# Material shown:
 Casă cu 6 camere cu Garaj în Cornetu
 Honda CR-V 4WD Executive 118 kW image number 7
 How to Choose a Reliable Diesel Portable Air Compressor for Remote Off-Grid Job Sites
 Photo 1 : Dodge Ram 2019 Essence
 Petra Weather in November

==

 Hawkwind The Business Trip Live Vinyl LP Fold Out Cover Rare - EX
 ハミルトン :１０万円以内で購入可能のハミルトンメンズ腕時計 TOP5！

# What to produce:
Retype only the stretch of lines above starting at the one with "Casă cu 6 camere cu Garaj în Cornetu" and stopping at the one with "Petra Weather in November", exactly as written, with both kept.

# Your solution:
 Casă cu 6 camere cu Garaj în Cornetu
 Honda CR-V 4WD Executive 118 kW image number 7
 How to Choose a Reliable Diesel Portable Air Compressor for Remote Off-Grid Job Sites
 Photo 1 : Dodge Ram 2019 Essence
 Petra Weather in November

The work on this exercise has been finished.